Show that $\dim(Z(L)) \leq \dim(L) - 2$

Question

Let $L$ be a non-abelian Lie algebra. I need to show that $$\dim(Z(L)) \leq \dim(L) - 2$$

Now, if $\dim(L) = 2$ , then I know that this $L$ is a unique non-abelian Lie algebra such that its centre $Z(L) = 0$. Therefore, I'm done with the trivial case. But how do I prove the above inequality when $\dim(L) > n$ ,($n>2$)?

Answer 1

Let $x\in Z(L)^\perp$. Then $[x, z] = 0$ for all $z\in Z(L)$, and clearly $[x, x] = 0$. If $\dim Z(L) \geq \dim L - 1$, that forces $L$ to be abelian.

Answer 2

In fact, there is no $n$-dimensional Lie algebra $L$ with $\dim(Z(L))=n-1$. The argument is, as anomaly said, that in this case $L=K\oplus Z(L)$ with a $1$-dimensional Lie algebra $K$ with basis, say, $x$. Then $[x,z]=0$ for all $z\in Z(L)$ and $[x,x]=0$, so that $L=Z(L)$, a contradiction to $\dim(Z(L))=n-1$.

Answer 3

[Note: The accepted answer is not quite correct. To reference an orthogonal complements we require some kind of non-degenerate form.]

Let $L$ be a finite dimensional non-abelian Lie algebra. Non-abelian means $L \not= Z(L)$, so $\dim(Z(L))<\dim(L)$. It just remains to rule out $\dim(Z(L))=\dim(L)-1$. For sake of contradiction assume this is true.
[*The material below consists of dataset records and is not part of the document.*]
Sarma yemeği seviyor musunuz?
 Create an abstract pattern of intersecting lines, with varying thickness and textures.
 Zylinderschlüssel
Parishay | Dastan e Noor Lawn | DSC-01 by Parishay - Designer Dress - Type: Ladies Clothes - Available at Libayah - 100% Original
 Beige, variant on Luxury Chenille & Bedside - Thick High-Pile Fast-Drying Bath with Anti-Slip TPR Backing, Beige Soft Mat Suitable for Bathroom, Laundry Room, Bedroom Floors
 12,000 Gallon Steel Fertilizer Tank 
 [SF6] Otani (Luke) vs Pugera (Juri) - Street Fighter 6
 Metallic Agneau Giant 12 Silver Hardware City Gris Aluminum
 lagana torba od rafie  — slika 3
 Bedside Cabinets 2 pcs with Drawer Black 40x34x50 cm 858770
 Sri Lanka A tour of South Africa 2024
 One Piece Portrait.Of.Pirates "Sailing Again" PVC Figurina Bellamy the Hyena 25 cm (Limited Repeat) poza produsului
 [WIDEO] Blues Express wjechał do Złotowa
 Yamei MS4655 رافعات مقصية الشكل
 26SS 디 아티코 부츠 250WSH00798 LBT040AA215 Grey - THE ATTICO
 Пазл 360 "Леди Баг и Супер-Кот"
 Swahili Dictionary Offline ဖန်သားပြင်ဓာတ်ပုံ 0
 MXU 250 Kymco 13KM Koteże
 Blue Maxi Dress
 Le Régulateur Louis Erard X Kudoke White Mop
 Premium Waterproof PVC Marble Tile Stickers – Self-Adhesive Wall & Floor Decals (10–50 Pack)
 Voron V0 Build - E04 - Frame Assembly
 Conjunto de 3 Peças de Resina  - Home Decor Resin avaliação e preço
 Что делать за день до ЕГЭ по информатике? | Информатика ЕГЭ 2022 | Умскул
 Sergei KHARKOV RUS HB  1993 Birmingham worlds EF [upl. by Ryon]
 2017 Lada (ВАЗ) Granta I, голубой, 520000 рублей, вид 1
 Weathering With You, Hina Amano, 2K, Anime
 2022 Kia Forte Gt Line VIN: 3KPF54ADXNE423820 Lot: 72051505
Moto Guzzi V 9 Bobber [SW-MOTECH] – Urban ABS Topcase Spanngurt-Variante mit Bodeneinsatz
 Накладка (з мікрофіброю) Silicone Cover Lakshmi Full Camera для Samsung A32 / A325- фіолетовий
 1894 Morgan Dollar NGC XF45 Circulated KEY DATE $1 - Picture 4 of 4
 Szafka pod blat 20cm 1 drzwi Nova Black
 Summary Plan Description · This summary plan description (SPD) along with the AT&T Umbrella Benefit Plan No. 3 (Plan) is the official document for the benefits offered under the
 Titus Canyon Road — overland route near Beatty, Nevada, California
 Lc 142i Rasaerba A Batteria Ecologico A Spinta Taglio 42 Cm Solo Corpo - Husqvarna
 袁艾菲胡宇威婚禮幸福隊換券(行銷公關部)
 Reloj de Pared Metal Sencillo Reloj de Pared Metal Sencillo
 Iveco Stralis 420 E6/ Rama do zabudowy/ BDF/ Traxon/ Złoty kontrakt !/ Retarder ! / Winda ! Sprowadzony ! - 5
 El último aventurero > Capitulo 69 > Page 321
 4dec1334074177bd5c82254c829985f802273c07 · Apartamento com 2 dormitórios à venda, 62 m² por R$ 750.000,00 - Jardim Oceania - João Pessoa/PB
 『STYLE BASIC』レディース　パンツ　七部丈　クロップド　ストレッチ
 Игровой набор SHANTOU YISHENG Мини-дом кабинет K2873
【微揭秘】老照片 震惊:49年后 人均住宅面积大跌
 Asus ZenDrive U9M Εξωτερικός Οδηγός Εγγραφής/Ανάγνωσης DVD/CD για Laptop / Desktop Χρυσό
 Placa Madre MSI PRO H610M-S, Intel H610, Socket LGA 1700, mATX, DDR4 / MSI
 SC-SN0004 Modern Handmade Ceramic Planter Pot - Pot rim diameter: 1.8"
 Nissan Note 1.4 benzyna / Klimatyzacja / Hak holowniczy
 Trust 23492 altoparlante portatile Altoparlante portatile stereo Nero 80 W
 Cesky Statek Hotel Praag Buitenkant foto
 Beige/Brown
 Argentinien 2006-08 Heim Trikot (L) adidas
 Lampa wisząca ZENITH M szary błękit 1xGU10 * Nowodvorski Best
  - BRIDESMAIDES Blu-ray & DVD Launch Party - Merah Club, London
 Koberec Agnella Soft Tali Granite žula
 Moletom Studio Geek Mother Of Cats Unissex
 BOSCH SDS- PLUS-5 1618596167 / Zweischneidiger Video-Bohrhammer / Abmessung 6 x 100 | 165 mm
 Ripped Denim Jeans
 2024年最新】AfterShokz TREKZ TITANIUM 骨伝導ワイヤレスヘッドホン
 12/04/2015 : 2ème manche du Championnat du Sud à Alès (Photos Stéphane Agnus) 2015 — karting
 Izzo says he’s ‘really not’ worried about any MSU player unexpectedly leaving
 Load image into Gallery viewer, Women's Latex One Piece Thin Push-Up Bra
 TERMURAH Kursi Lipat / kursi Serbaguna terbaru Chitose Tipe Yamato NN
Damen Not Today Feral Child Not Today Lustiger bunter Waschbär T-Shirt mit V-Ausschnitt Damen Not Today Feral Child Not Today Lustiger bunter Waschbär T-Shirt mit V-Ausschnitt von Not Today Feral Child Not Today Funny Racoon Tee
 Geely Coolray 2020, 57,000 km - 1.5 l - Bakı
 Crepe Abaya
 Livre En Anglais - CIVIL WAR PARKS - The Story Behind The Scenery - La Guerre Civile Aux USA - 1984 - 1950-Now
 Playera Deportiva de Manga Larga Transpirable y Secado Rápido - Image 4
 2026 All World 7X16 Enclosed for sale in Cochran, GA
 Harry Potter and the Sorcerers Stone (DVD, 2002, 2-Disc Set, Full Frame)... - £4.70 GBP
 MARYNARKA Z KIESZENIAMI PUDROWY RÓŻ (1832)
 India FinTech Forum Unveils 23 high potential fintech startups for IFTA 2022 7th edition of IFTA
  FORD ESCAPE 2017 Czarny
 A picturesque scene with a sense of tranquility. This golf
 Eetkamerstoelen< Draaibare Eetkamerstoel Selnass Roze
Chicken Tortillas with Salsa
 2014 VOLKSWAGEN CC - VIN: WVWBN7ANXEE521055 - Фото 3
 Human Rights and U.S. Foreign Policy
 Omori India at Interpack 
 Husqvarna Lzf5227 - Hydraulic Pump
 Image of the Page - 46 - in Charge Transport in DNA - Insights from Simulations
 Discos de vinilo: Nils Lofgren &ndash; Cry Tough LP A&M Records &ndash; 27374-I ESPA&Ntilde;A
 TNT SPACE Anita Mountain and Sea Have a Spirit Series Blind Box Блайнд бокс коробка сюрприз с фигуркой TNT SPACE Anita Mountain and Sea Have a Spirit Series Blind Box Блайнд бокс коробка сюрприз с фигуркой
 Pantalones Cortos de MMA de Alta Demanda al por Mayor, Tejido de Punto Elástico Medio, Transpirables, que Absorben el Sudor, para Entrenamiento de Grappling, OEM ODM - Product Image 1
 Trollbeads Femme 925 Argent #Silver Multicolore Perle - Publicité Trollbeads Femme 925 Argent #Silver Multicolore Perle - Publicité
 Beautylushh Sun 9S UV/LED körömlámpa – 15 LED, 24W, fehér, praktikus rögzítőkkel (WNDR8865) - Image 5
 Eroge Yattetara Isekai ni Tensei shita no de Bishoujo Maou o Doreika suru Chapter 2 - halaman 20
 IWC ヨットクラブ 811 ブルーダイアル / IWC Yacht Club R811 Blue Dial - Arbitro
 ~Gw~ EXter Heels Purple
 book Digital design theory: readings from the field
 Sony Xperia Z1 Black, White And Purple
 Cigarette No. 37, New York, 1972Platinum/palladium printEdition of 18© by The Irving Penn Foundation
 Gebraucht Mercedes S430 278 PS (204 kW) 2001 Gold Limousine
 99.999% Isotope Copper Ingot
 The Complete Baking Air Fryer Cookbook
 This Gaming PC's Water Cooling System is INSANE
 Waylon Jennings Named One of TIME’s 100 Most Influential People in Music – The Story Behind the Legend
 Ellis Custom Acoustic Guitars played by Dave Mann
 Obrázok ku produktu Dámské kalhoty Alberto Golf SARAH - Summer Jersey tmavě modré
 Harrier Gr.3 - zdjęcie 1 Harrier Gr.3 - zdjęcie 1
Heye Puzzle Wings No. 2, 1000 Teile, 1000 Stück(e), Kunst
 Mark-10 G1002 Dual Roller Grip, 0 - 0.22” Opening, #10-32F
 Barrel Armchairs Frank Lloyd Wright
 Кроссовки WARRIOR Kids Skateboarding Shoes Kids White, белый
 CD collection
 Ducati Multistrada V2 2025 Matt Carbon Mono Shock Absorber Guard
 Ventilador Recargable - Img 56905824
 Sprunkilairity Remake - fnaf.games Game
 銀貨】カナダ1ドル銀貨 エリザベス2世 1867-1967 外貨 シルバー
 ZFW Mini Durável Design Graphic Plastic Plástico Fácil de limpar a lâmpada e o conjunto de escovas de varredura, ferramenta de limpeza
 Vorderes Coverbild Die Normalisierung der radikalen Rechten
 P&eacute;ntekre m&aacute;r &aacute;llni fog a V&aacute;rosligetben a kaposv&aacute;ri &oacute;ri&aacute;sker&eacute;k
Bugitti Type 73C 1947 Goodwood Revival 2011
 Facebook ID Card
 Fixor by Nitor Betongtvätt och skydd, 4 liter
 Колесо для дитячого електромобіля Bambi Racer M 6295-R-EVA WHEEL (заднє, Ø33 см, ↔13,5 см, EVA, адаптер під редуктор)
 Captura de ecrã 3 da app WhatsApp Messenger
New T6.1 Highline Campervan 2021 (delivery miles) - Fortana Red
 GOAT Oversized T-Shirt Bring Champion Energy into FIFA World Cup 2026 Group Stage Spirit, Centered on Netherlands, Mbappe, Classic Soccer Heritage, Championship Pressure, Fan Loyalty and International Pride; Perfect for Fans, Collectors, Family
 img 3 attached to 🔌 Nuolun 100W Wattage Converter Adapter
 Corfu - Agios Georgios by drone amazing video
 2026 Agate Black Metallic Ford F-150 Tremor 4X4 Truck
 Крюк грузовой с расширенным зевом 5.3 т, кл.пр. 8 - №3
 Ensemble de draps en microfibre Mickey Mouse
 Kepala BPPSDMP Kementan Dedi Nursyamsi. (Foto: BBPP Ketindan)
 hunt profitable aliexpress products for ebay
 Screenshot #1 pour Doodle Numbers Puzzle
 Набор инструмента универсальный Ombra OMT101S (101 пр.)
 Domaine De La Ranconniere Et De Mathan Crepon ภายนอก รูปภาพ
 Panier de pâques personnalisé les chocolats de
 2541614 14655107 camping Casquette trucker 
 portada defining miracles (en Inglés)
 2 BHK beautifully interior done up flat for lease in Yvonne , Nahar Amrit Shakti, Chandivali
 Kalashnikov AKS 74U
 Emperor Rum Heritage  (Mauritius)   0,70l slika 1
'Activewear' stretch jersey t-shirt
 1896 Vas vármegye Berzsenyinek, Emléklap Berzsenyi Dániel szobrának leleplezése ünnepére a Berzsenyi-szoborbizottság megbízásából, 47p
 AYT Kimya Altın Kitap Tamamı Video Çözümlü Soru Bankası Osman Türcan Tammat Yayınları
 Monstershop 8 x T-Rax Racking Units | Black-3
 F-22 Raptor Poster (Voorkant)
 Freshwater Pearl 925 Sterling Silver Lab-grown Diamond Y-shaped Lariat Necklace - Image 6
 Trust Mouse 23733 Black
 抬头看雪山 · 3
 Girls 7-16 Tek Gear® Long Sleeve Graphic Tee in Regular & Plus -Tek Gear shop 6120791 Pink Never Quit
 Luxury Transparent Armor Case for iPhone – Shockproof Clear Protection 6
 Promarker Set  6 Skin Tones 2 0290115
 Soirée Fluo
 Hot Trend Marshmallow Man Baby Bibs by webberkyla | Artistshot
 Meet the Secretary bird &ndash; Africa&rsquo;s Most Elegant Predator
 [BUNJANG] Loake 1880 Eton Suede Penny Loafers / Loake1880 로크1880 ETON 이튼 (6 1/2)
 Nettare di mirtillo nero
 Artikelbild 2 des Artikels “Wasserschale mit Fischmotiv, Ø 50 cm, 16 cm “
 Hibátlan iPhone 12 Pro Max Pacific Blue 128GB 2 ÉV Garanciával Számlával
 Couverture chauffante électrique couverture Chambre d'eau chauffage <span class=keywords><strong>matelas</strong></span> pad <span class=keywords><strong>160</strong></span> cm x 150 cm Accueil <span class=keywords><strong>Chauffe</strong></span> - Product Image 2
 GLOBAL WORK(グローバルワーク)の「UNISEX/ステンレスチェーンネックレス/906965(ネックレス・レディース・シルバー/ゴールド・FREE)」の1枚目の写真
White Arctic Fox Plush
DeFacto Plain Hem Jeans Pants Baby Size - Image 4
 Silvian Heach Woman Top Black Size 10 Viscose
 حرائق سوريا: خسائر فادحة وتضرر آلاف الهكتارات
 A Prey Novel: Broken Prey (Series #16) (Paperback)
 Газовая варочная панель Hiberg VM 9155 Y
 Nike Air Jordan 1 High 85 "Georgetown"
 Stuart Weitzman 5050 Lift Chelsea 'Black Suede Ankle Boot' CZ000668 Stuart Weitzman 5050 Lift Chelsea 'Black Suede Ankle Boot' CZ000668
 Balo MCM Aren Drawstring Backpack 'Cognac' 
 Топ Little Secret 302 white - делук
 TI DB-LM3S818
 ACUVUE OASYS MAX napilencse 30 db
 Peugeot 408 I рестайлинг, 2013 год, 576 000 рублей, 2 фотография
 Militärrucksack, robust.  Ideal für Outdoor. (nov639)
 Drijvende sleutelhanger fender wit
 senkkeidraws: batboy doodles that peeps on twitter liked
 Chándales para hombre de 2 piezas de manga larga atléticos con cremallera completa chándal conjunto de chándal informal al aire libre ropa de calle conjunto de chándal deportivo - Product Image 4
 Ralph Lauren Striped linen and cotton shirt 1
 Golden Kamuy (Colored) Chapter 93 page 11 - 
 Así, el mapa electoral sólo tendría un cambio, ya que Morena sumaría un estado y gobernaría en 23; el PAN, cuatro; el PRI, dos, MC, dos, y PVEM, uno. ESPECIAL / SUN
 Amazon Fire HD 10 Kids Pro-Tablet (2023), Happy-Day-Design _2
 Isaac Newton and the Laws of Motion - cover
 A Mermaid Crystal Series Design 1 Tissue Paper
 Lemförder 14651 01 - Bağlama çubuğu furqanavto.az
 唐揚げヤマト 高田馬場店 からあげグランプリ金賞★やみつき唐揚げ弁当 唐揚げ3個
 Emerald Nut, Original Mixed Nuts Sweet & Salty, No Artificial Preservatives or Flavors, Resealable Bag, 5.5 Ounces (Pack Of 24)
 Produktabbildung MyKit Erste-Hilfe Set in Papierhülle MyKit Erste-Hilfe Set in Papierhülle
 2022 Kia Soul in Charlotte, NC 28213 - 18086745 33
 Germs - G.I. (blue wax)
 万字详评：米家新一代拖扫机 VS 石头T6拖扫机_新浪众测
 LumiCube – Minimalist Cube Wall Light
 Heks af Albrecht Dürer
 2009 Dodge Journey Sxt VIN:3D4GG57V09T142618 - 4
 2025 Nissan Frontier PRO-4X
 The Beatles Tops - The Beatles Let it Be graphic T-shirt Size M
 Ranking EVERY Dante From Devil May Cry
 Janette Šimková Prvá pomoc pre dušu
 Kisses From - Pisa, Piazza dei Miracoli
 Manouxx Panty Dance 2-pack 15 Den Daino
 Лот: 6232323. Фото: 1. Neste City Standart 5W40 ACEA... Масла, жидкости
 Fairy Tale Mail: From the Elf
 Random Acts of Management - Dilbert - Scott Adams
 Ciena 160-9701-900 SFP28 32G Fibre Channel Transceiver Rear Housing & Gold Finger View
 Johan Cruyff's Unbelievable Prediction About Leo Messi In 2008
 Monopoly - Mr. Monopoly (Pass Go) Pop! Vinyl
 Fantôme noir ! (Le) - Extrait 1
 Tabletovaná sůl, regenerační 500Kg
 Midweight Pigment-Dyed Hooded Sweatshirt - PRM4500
Since $L$ is non-abelian, there is some $x,y \in L$ such that $[x,y] \not=0$. Consider $x+Z(L),y+Z(L) \in L/Z(L)$ (the quotient algebra). Since $\dim(L/Z(L)) = \dim(L)-\dim(Z(L)) = 1$, we must have that one of our cosets is a multiple of the other. Without loss of generality assume $x+Z(L) = c(y+Z(L))$ for some scalar $c$. Then $x+Z(L)=cy+Z(L)$ so $x-cy \in Z(L)$, say $x-cy=z \in Z(L)$. Thus $x=cy+z$. Then $[x,y] = [cy+z,y] = c[y,y]+[z,y]=0$ by alternation and the fact that $z$ is central. This contradicts our assumption that $[x,y]\not=0$. Therefore, $\dim(Z(L))=\dim(L)-1$ is impossible.